*Scraped caption text data*:
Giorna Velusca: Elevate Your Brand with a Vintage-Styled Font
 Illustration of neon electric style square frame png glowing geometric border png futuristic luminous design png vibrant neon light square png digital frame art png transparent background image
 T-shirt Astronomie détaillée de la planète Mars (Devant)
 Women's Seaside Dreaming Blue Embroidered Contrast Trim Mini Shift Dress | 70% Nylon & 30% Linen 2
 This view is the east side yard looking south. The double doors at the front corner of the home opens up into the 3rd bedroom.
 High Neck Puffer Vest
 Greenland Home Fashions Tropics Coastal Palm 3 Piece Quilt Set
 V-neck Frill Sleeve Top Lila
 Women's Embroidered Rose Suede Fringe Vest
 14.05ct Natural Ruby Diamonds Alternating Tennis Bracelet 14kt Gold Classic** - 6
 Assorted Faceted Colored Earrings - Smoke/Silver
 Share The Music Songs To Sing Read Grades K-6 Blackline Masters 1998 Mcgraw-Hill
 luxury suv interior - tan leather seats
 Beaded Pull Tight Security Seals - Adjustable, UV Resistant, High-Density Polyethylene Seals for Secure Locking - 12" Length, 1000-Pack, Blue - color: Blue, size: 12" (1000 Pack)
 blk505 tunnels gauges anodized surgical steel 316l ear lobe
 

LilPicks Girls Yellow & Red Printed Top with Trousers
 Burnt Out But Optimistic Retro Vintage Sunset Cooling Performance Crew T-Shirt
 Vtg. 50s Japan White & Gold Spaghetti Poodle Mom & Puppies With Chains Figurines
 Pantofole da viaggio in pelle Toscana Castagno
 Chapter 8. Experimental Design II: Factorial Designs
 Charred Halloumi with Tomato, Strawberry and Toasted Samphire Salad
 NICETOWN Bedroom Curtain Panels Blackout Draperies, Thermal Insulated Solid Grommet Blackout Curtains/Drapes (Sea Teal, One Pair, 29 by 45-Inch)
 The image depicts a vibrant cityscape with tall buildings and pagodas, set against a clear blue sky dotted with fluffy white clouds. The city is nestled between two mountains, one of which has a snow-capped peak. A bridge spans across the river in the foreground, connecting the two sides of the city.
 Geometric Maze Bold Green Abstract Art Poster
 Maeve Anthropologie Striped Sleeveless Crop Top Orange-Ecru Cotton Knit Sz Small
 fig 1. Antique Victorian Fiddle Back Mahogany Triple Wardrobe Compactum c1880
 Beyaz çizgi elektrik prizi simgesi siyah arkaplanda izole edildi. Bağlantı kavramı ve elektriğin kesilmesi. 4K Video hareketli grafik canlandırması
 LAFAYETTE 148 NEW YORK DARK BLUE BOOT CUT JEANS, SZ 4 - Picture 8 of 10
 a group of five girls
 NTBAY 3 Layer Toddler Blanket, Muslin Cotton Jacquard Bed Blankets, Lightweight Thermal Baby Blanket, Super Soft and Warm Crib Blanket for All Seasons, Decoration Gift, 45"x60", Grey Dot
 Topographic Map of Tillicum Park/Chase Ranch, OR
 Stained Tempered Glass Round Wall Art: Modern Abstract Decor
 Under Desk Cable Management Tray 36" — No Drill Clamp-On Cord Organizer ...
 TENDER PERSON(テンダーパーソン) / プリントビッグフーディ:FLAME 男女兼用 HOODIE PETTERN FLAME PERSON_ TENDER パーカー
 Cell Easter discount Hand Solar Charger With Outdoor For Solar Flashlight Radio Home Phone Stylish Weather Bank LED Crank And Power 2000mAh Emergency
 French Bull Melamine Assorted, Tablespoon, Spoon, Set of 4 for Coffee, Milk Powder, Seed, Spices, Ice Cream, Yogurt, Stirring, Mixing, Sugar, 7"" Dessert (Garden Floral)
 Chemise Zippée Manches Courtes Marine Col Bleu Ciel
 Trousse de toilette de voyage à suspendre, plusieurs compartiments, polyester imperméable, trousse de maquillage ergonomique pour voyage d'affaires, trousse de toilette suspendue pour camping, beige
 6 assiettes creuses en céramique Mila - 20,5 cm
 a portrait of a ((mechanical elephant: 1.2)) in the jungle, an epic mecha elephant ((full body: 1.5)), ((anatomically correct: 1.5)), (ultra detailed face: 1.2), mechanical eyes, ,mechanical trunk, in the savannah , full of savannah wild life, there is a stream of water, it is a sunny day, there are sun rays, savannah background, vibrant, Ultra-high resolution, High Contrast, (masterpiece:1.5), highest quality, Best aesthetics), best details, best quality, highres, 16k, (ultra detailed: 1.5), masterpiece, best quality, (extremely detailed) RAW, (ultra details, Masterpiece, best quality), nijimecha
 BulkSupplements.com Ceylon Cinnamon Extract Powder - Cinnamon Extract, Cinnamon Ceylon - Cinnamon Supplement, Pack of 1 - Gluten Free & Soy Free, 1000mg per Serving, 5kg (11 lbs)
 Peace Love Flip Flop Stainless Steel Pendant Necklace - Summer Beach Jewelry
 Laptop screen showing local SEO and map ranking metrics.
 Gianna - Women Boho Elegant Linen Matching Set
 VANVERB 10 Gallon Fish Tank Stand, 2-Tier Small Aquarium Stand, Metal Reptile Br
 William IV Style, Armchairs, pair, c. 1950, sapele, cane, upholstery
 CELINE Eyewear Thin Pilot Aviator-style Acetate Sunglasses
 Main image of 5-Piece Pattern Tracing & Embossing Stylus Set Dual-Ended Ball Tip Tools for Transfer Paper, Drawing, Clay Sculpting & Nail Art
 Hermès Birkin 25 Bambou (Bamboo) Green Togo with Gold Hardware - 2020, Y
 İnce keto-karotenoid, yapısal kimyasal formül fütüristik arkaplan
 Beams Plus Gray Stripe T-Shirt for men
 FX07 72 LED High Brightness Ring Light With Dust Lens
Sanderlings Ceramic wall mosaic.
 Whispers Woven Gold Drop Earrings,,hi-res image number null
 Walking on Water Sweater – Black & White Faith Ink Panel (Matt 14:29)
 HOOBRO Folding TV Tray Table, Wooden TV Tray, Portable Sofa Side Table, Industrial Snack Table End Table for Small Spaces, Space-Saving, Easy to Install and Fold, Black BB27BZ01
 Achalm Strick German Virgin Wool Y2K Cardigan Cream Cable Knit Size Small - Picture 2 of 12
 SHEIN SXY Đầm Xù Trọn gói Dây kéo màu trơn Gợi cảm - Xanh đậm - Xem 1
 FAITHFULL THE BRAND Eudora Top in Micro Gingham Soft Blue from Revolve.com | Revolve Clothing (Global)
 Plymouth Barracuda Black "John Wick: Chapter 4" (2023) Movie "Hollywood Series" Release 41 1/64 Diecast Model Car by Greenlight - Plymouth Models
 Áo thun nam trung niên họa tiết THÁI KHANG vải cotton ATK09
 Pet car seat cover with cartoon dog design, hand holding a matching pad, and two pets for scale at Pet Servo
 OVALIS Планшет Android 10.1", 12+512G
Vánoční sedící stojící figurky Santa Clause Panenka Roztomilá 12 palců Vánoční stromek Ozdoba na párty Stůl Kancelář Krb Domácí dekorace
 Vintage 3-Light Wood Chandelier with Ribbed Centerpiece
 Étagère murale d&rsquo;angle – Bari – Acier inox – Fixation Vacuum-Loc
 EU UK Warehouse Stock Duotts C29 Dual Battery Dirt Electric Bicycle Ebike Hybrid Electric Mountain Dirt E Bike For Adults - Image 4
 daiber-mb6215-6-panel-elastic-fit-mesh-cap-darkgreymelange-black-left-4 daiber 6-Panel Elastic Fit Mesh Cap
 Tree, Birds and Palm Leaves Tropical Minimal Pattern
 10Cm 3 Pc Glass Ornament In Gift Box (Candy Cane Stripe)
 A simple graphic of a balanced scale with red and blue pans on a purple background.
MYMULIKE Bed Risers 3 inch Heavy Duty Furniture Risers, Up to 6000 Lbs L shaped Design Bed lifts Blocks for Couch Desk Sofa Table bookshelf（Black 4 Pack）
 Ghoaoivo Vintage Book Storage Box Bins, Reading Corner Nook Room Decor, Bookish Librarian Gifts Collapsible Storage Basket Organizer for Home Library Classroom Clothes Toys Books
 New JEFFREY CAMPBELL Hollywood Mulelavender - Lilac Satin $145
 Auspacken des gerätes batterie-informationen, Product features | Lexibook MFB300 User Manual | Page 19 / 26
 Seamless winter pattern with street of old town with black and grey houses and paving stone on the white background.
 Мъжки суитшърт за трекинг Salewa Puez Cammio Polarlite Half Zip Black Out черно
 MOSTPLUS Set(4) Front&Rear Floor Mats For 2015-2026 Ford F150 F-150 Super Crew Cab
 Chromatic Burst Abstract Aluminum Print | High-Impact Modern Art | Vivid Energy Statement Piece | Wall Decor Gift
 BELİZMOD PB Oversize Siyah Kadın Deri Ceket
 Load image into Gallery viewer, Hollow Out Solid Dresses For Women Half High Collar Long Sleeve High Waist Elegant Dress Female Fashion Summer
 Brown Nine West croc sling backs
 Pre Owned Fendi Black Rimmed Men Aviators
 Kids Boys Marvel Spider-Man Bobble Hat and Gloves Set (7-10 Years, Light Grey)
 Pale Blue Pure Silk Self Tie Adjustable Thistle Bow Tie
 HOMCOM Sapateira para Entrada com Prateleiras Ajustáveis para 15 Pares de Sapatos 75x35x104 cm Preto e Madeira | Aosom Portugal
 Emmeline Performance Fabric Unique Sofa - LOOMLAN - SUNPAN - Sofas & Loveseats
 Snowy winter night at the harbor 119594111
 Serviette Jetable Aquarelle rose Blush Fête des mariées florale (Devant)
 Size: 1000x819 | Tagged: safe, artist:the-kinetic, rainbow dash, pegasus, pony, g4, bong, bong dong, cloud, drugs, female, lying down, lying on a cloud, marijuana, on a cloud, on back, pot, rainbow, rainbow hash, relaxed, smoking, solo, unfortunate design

*Work to be completed*: Which lines of the records above contain the word "Powder"? Report each one.

*Solution for this exercise*:
 French Bull Melamine Assorted, Tablespoon, Spoon, Set of 4 for Coffee, Milk Powder, Seed, Spices, Ice Cream, Yogurt, Stirring, Mixing, Sugar, 7"" Dessert (Garden Floral)
 BulkSupplements.com Ceylon Cinnamon Extract Powder - Cinnamon Extract, Cinnamon Ceylon - Cinnamon Supplement, Pack of 1 - Gluten Free & Soy Free, 1000mg per Serving, 5kg (11 lbs)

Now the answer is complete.